WORK TO COMPLETE: The whole listing below, with no pictures, is to be repeated as it stands.

DATA EXTRACT:

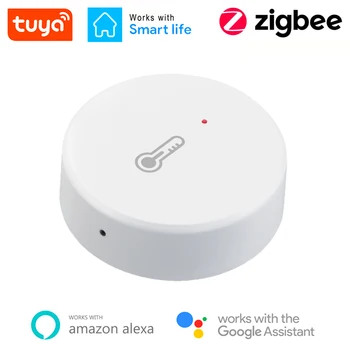 Интеллектуальный датчик температуры и влажности Tuya ZigBee Работает с Zigbee Gateway Hub Через Alexa Google Home SmartLife / Управление приложением Tuya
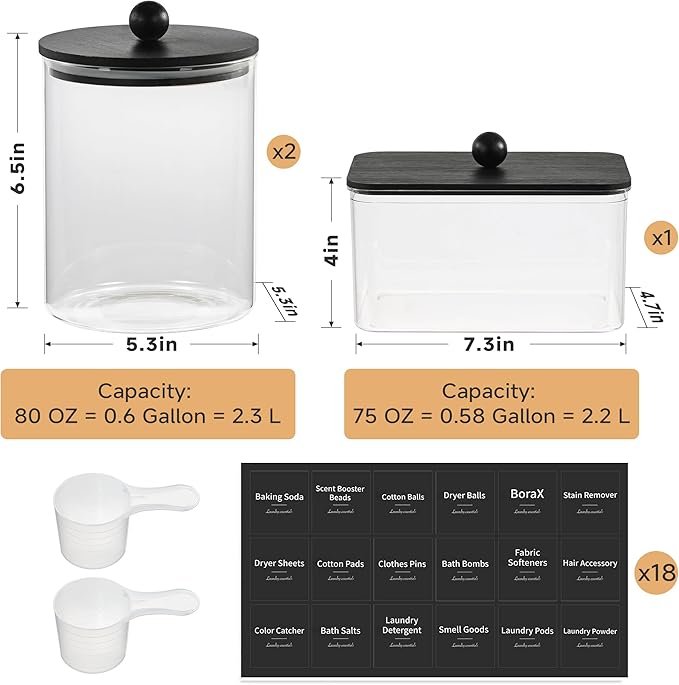 Glass Laundry Pods Container & Acrylic Dryer Sheet Holder - Image 3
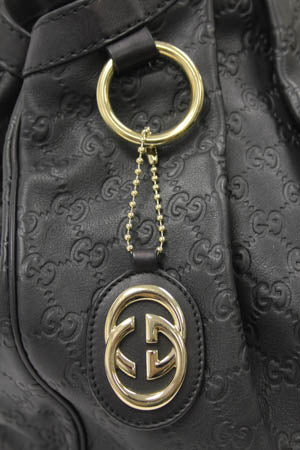 Gucci Black Leather Guccissima XL Handbag.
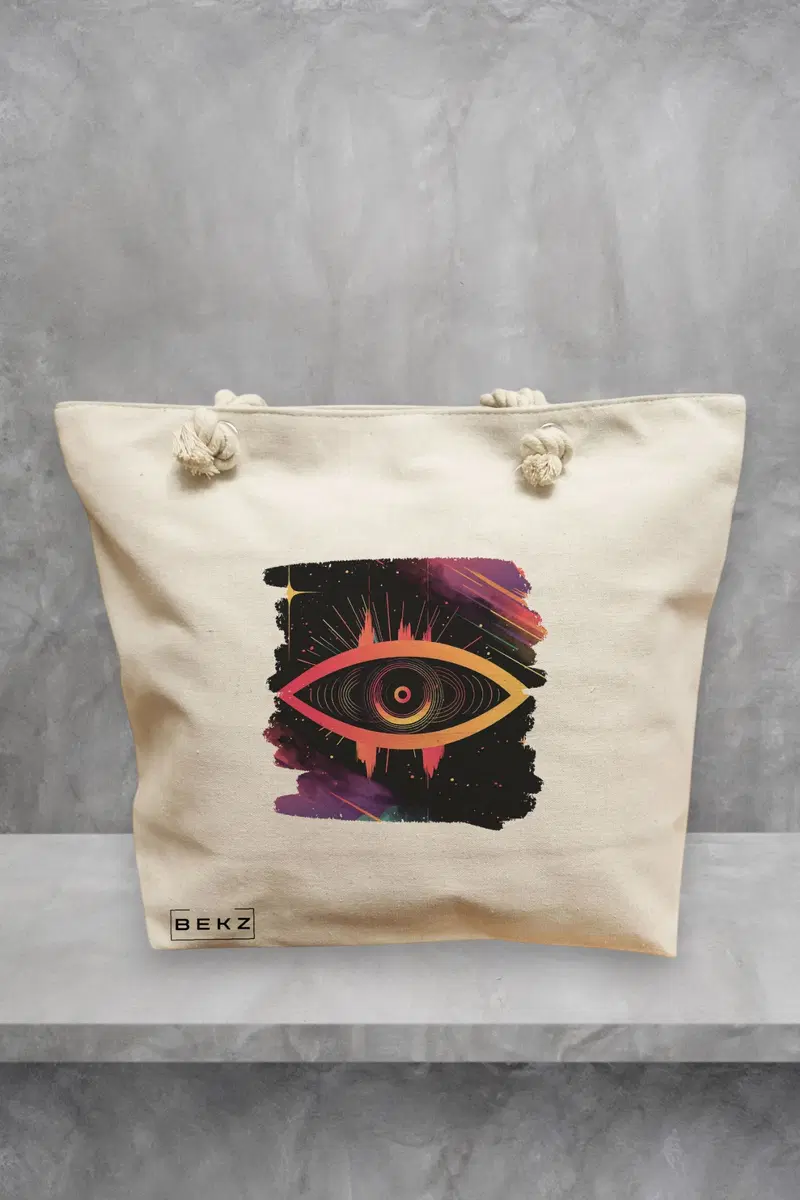 Geanta de Plaja Canvas Tote pentru femei, model Celestial Eye 18, 40x51 cm, Bej, BEKZ®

YOUR SOLUTION:
 Интеллектуальный датчик температуры и влажности Tuya ZigBee Работает с Zigbee Gateway Hub Через Alexa Google Home SmartLife / Управление приложением Tuya
 Glass Laundry Pods Container & Acrylic Dryer Sheet Holder - Image 3
 Gucci Black Leather Guccissima XL Handbag.
 Geanta de Plaja Canvas Tote pentru femei, model Celestial Eye 18, 40x51 cm, Bej, BEKZ®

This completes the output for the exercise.